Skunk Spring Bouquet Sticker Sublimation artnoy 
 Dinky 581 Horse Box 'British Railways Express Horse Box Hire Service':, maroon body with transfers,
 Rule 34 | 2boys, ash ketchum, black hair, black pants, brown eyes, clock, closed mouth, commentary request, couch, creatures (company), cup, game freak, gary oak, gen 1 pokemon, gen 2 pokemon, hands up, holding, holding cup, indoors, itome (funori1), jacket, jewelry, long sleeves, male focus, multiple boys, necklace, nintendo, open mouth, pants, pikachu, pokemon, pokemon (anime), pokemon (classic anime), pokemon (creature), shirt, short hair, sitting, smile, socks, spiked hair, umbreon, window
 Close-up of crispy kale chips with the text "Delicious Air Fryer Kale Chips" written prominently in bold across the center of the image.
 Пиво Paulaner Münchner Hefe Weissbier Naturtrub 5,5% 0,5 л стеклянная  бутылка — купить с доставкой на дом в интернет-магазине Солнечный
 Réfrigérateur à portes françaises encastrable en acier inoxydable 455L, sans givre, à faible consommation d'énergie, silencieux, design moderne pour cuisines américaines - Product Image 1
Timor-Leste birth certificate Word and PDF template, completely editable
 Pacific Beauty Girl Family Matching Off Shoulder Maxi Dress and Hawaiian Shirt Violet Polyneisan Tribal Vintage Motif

▸ **EXERCISE INSTRUCTIONS**: The line containing "Close-up of crispy" and every line after it, through the end of the records above: output exactly those, and nothing else.

▸ **ANSWER TO THE PROBLEM**:
 Close-up of crispy kale chips with the text "Delicious Air Fryer Kale Chips" written prominently in bold across the center of the image.
 Пиво Paulaner Münchner Hefe Weissbier Naturtrub 5,5% 0,5 л стеклянная  бутылка — купить с доставкой на дом в интернет-магазине Солнечный
 Réfrigérateur à portes françaises encastrable en acier inoxydable 455L, sans givre, à faible consommation d'énergie, silencieux, design moderne pour cuisines américaines - Product Image 1
Timor-Leste birth certificate Word and PDF template, completely editable
 Pacific Beauty Girl Family Matching Off Shoulder Maxi Dress and Hawaiian Shirt Violet Polyneisan Tribal Vintage Motif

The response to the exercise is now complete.